Berlin (EPD/Protestinter) – Le Conseil central des juifs d’Allemagne espère «un signe clair» de la part de l’Eglise protestante d’Allemagne (EKD), vis-à-vis des déclarations antisémites de Martin Luther (1483-1546), et ce avant l’anniversaire de la Réforme en 2017. «Je compte sur le fait que l’EKD va éclairer le Conseil à ce propos», a déclaré le Josef Schuster, président du Conseil Central, mercredi passé à Berlin au début de la rencontre entre le Conseil central et l’Académie protestante.

Dans son essai ©, qui date de 1543, Martin Luther évoquait, entre autres, de brûler les synagogues et de détruire les maisons des juifs. «Ce côté sombre du réformateur doit être clairement dénoncé», a déclaré Joseph Schuster. «Les gens ont besoin de savoir ce que Luther pensait et écrivait aussi à ce propos», a déclaré le président du Conseil. Faute de quoi, il a ajouté qu’il verrait le jubilé de la Réforme avec un certain scepticisme.

Quel a été le poids des déclarations anti-juives de Luther?

Cette première réunion commune du Conseil central des juifs et de l’Académie protestante de Berlin est intitulée «réformateur, hérétique, ennemi des juifs: perspectives juives sur Martin Luther». Le poids des théories anti-juives du réformateur sur les relations judéo-chrétiennes sera entre autres discuté jusqu’à vendredi.

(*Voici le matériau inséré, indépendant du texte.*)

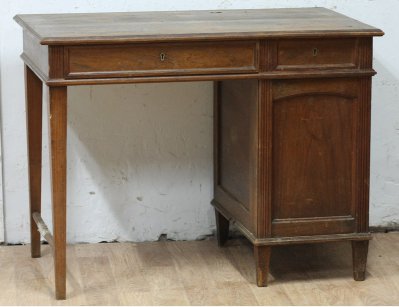 Старинный ореховый письменный стол
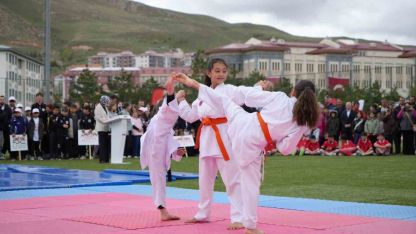 Atatürk’ün mirası gençlerin omuzlarında: Bayburt'ta coşku dolu 19 Mayıs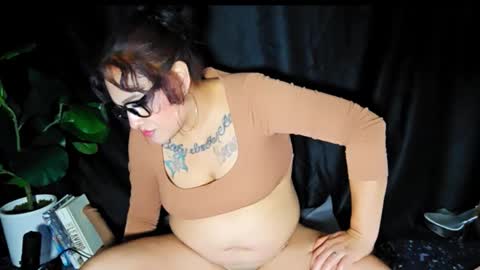 Snapshot of justagirlof chatting on 10/29/25, 03:42 Layla online show from 10/29/25, 03:42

Pour Josef Schuster, les idées de Luther sur les juifs ne jouent plus aucun rôle pour les représentants actuels de l’Eglise protestante. Et il voit de la part de l’Eglise une volonté claire de retour critique: «nous aurions été en effet déçus, si ces côtés sombres de Luther avaient été passés sous silence», a-t-il déclaré.

Par contre, la communauté juive voit d’une manière extrêmement critique l’effort d’évangélisation des juifs par les communautés protestantes: «nous attendons là une prise de position claire et officielle de la part de l’EKD», a rappelé Josef Schuster.

«Non compatible avec l’Evangile»

Pour Nikolaus Schneider, ancien président du Conseil de l’EKD, les déclarations antisémites faites par le réformateur sont blessantes et scandaleuses. Il considère par conséquent aussi que l’EKD doit faire une déclaration officielle à ce sujet. L’ancien président de l’Eglise rhénane a déclaré: «ces thèses sont incompatibles avec l’Evangile». Pour lui, le fait que Luther ait basculé dans l’antisémitisme provient de la frustration liée au manque de résonance à la Réforme de la part des juifs. Luther, en effet, espérait qu’elle serait la cause de nombreuses défections dans le judaïsme, au profit de la nouvelle Eglise moderne, a-t-il expliqué.

Une histoire d’amour réciproque qui a mal tourné?

Selon le chercheur en sciences des religions Christian Wiese, une image très positive de Martin Luther a existé dans les milieux juifs, pendant une longue période malgré les propos antisémites graves de ce dernier. En particulier au 19e siècle, pendant la réforme du judaïsme qui a vu en Martin Luther un modèle de «Réforme juive», a expliqué le théologien protestant pendant la réunion. «Il se trouve encore et toujours des connotations très positives qui voient en Luther un précurseur de la liberté de conscience, de la tolérance et des Lumières», a-t-il dit. Les déclarations antisémites de Luther ont été mises de côté pendant une longue période.

En Allemagne, le réformateur a personnifié pour les juifs libéraux une tradition spirituelle «qui a été propice à l’égalité des droits civils des personnes de tradition juive». C’était une image très idéalisée de Luther.

Selon Christian Wiese, le changement s’est opéré dans les années 1930, puis s’est imposée dans le judaïsme l’évidence «que l’histoire d’amour juive avec Luther avait été une tentative tragique, et complètement vaine».